Preliminares El caballo fue clave durante la conquista española en América: permitía desplazamientos veloces, no era costoso de mantener, se adecuaba muy bien a los diversos climas, además de ser un compañero infatigable en las diversas batallas que se libraron contra los indígenas. El soldado español, al conformarse militarmente en caballerías, cubría los terrenos enemigos con mayor velocidad, permitiendo la retirada y el contrataque frente a las infanterías indígenas —que no utilizaban ninguna clase de montura—, armadas principalmente con lanzas, boleadoras y flechas. Hay datos notables respecto a esto último: en el libro La florida del Inca (1605), escrito por el poeta hispano-peruano Inca Garcilaso de la Vega (1539-1616), se narra la expedición de Hernando de Soto en América del Norte, en zonas que comprendían los actuales Estados Unidos, México, Cuba y Bahamas. En esta crónica se nos habla del temor inicial que sintieron los nativos al ver al caballo: 


 Salieron a un campo raso donde los indios, de temor de los caballos, no osaron ofender a los españoles, ni aun esperarles […]. Caminaron con menos pesadumbre por los llanos donde no había malezas, porque los indios, doquier no las había, se apartaban de los cristianos de miedo de los caballos.

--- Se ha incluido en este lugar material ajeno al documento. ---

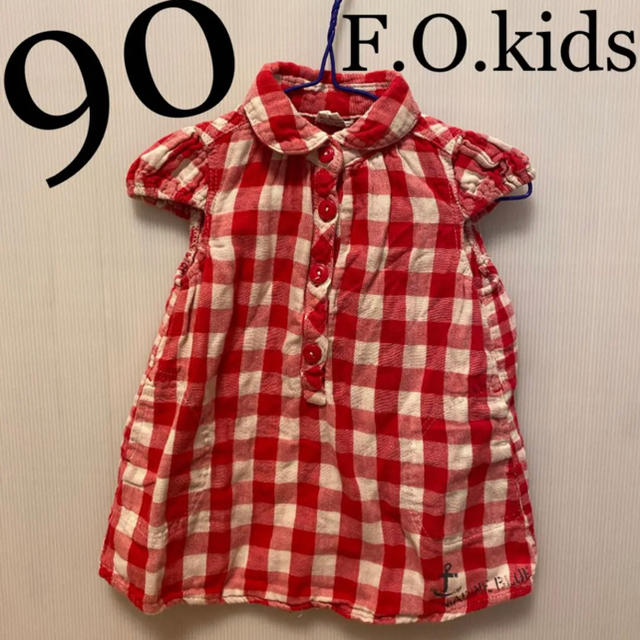 F.O.KIDS(エフオーキッズ)の90cm女の子　エフオーキッズ　赤×白色チェックシャツ　半袖パフスリーブ　襟付き キッズ/ベビー/マタニティのキッズ服女の子用(90cm~)(Tシャツ/カットソー)の商品写真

No obstante, los indígenas una vez que comprendieron al animal, dirigieron sus ataques al caballo y no al soldado, descubriendo el punto débil de estas tropas: no había que combatirlos en zonas abiertas, donde el caballo pudiese moverse a sus anchas; así comenzaron las emboscadas, refugiándose en espacios cerrados como bosques y ciénagas, terrenos poco propicios para el avance de los jinetes. El mismo poeta cronista resalta la cercanía entre los caballos con los soldados españoles, a grado tal que la muerte del animal era llorada y sentida con mucho pesar, como si hubiesen perdido a un compañero de armas, y que en el fondo sí lo era, pues el noble animal no era visto como mera herramienta, sino como uno de los atributos del buen Dios, probablemente como un resabio griego, pues los antiguos creían que el caballo era obra de Poseidón, un regalo del dios del mar. 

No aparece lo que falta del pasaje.